Et au bout de quelques semaines, nous abandonnons presque tout.

Choisissez plutôt une priorité suffisamment claire.

Qu’est-ce qui, aujourd’hui, mérite véritablement votre énergie ?

Puis demandez-vous :

« Quelle action concrète fait avancer cette priorité ? »

Et faites-la régulièrement.

La puissance vient souvent moins de l’intensité que de la continuité.

Votre passé peut devenir une preuve de capacité

Lorsque le doute arrive, retournez chercher vos propres références.

Vous avez déjà appris.

Vous avez déjà évolué.

Vous avez déjà traversé des périodes difficiles.

Vous avez déjà accompli des choses dont vous pouvez être fier.

Ne cherchez pas à vous convaincre artificiellement que vous possédez des « forces surhumaines ».

Vous n’en avez pas besoin.

Vos capacités humaines sont déjà considérables lorsqu’elles sont orientées avec suffisamment de constance.

Utilisez donc votre passé non pour vous comparer à celui que vous étiez, mais pour vous rappeler :

« J’ai déjà été capable d’avancer. Je peux apprendre à le refaire autrement. »

Travailler pour les autres, est-ce réaliser le rêve des autres ?

J’écrivais autrefois :

« Travailler pour les autres, c’est réaliser le rêve des autres. »

Aujourd’hui, je trouve cette phrase trop catégorique.

Être salarié peut parfaitement correspondre aux valeurs et au projet de vie de quelqu’un.

Un travail peut apporter du sens, de la stabilité, des relations humaines, de l’apprentissage et permettre de financer tout ce que nous aimons vivre en dehors.

Le problème n’est pas de travailler pour quelqu’un.

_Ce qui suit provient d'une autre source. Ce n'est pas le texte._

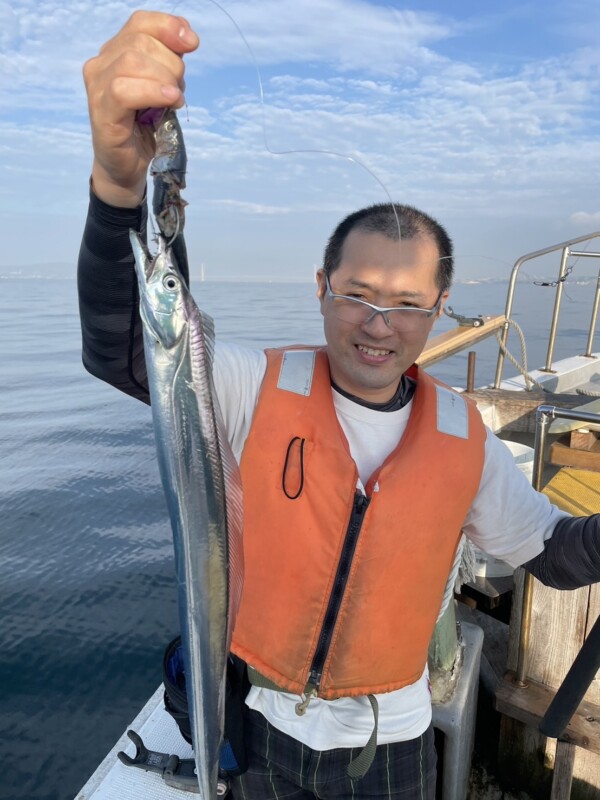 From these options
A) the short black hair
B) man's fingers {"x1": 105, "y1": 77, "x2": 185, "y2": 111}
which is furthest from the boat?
man's fingers {"x1": 105, "y1": 77, "x2": 185, "y2": 111}

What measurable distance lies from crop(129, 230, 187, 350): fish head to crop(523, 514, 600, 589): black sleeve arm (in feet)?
5.81

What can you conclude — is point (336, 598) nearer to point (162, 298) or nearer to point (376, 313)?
point (376, 313)

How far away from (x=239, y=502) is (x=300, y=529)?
74 centimetres

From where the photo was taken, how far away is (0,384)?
12.9 meters

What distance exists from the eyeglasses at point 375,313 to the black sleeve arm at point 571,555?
100 cm

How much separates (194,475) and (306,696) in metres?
1.28

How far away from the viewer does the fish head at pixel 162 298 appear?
3.56 feet

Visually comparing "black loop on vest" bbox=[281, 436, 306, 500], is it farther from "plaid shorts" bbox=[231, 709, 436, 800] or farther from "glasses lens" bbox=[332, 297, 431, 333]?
"plaid shorts" bbox=[231, 709, 436, 800]

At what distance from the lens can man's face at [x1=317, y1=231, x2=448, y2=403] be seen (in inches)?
78.6

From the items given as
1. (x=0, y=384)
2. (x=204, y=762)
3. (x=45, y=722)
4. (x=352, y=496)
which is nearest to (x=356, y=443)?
(x=352, y=496)

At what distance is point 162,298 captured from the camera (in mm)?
1085

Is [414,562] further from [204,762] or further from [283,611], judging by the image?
[204,762]

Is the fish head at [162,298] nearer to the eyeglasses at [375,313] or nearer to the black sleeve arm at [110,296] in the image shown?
the black sleeve arm at [110,296]

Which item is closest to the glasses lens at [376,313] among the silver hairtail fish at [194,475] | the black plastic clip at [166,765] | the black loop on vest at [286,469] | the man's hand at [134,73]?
the black loop on vest at [286,469] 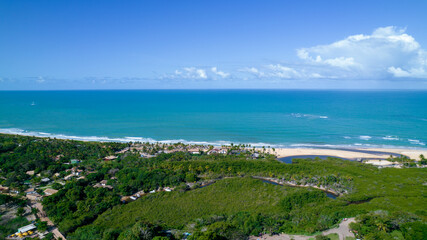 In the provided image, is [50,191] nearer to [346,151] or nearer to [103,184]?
[103,184]

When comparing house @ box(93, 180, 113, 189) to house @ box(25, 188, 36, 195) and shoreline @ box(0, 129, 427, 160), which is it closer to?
→ house @ box(25, 188, 36, 195)

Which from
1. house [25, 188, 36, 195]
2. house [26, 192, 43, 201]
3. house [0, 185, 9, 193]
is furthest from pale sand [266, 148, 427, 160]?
house [0, 185, 9, 193]

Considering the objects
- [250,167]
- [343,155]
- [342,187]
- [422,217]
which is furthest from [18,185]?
[343,155]

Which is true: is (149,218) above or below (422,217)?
below

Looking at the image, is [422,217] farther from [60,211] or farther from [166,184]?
[60,211]

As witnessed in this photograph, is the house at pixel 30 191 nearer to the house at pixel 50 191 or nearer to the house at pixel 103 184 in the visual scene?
the house at pixel 50 191

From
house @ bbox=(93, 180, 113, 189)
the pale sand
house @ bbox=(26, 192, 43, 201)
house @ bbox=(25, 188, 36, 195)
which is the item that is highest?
the pale sand

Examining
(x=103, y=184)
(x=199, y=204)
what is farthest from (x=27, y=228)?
(x=199, y=204)

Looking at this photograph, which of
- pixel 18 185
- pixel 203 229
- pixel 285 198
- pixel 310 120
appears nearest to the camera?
pixel 203 229

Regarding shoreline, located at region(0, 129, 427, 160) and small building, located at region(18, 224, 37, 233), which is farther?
shoreline, located at region(0, 129, 427, 160)

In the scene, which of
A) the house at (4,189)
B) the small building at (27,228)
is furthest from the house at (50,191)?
the small building at (27,228)

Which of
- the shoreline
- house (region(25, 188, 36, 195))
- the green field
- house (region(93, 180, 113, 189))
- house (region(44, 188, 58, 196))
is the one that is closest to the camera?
the green field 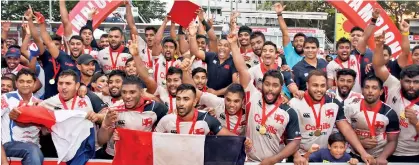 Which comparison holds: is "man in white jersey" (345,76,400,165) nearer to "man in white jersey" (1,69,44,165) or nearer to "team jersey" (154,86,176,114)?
"team jersey" (154,86,176,114)

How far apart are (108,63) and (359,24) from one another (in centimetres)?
483

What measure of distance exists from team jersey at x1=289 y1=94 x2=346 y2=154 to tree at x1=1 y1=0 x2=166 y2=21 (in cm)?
2174

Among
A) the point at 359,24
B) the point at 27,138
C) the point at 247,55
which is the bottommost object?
the point at 27,138

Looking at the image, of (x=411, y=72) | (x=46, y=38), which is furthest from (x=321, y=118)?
(x=46, y=38)

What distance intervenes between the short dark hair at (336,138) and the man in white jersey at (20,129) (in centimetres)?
284

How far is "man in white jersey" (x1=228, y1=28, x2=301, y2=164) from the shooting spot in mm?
5359

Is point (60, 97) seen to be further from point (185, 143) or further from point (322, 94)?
point (322, 94)

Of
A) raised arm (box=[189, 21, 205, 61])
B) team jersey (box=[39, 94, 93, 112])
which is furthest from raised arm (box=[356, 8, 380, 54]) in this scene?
team jersey (box=[39, 94, 93, 112])

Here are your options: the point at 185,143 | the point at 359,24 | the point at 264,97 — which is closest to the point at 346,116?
the point at 264,97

Le problème serait de consacrer l’essentiel de notre existence à une vie que nous n’avons jamais réellement choisie.

Entrepreneur ou salarié, la question reste donc la même :

« Est-ce que la manière dont j’utilise mon temps et mon énergie correspond suffisamment à la vie que je souhaite construire ? »

La sécurité intérieure permet de rester sur son chemin

Le focus devient beaucoup plus difficile lorsque nous avons besoin de garanties.

Nous lançons un projet.

Pendant deux semaines, rien ne se passe.

L’insécurité monte.

Alors nous changeons de stratégie.

Puis de projet.

Puis d’objectif.

Nous regardons ce que fait le voisin.

Nous comparons.

Nous doutons.

Nous recommençons ailleurs.

Parfois, ce n’est pas notre stratégie qui avait besoin d’être changée.

C’est notre capacité à supporter le délai entre l’action et le résultat qui devait être développée.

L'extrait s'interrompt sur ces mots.